Content starts
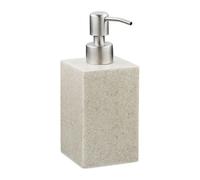 Relaxdays Dispenser di Sapone, 300ml, Portasapone Ricaricabile Manuale, Accessorio Bagno & Cucina, Rettangolare, Sabbia, Poliresina, 17.5 x 7 x 8 cm
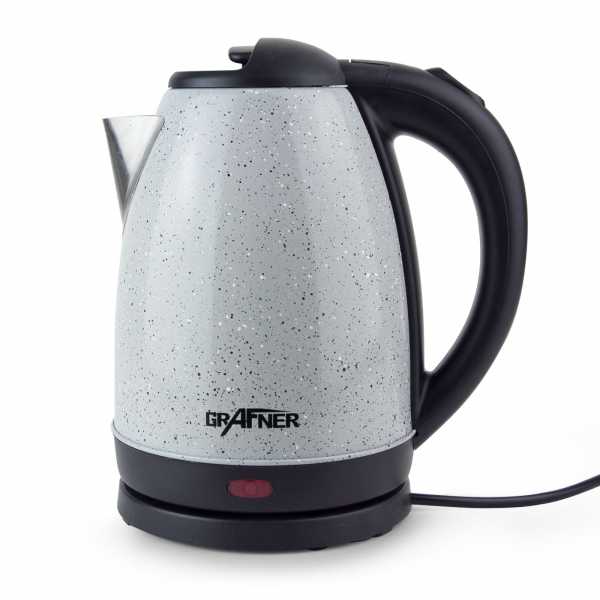 Grafner Design-Wasserkocher Edelstahl 1,7l max. 1800-2200W WK10752 grau Sprenkel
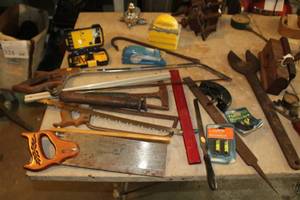 lot 731 image: Hand Tools - Rasps, Saws, Pry Bar, Files, Bit Set, Levels, T-Level, Irwin Bit Set, Misc. Tools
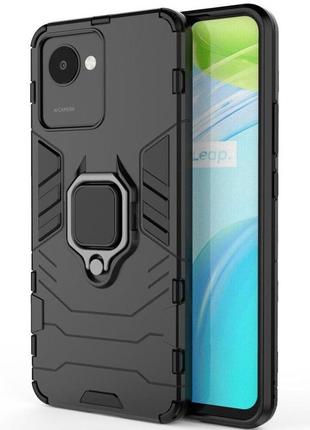Чехол fiji ring для realme c30 бронированный бампер с кольцом подставкой черный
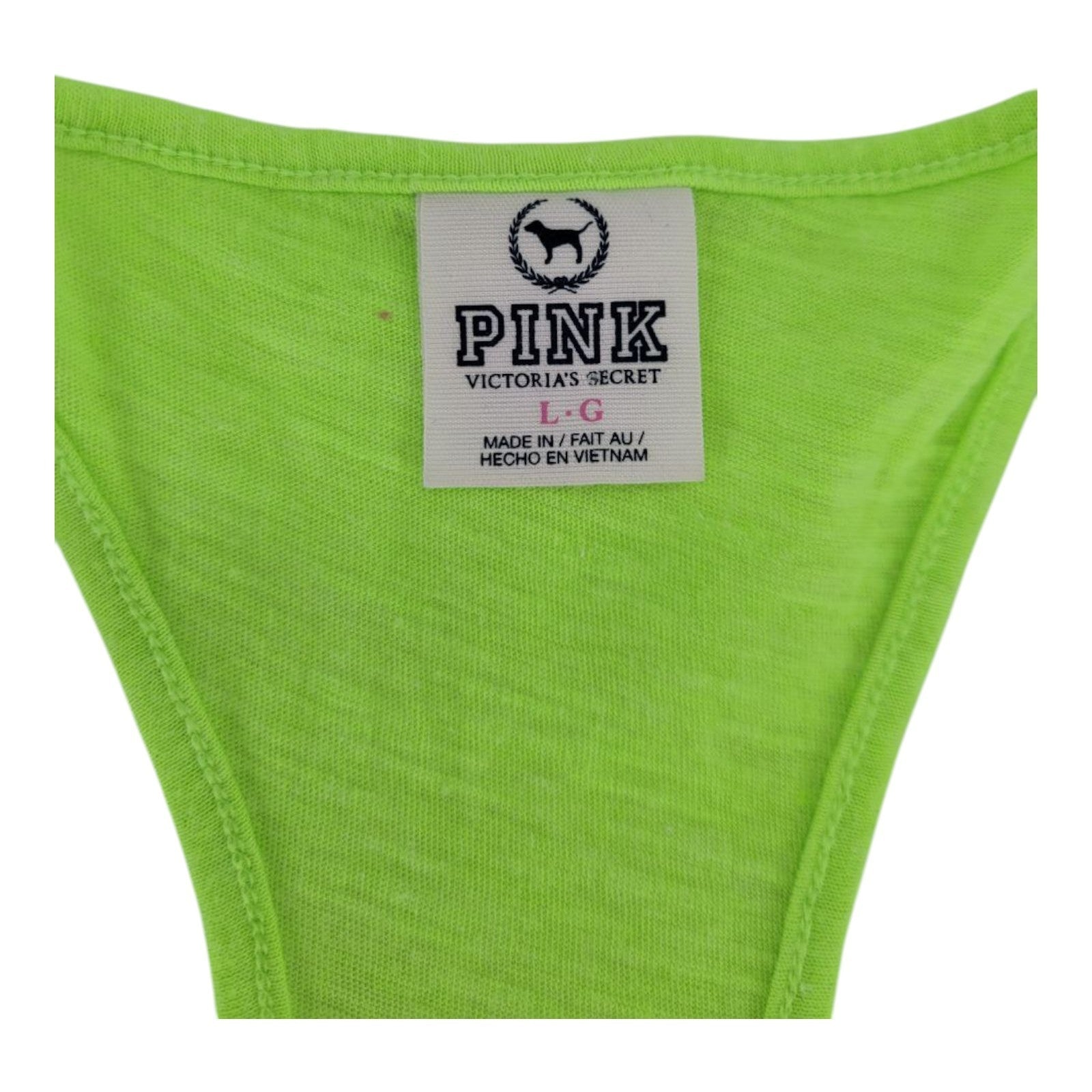 Victorias Secret PINK Neon Green Racerback Tank Top Sleeveless Size L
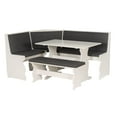 thumbnail image 1 of Linon Natasha Corner Nook Dining Set Charcoal Gray Fabric Seats in White Wood, 1 of 15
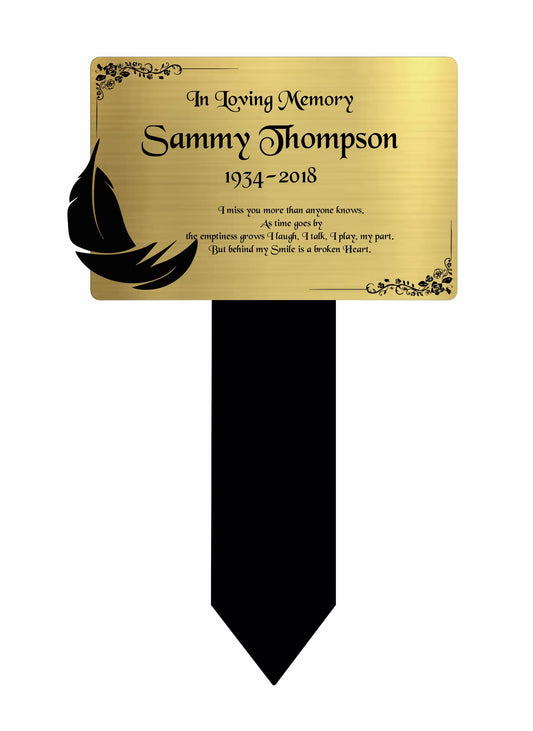 Memorial Plaque, Memorial Plaques for graves, Remembrance, Gold, Rounded, Feather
Content ends
* REQUIRED ACTION
"Чехол fiji ring" marks the first line to be returned; return exactly that line and every line after it through the last line of the listing, omitting pictures.

* WRITTEN ANSWER
Чехол fiji ring для realme c30 бронированный бампер с кольцом подставкой черный
 Victorias Secret PINK Neon Green Racerback Tank Top Sleeveless Size L
 thumbnail image 1 of Linon Natasha Corner Nook Dining Set Charcoal Gray Fabric Seats in White Wood, 1 of 15
 Memorial Plaque, Memorial Plaques for graves, Remembrance, Gold, Rounded, Feather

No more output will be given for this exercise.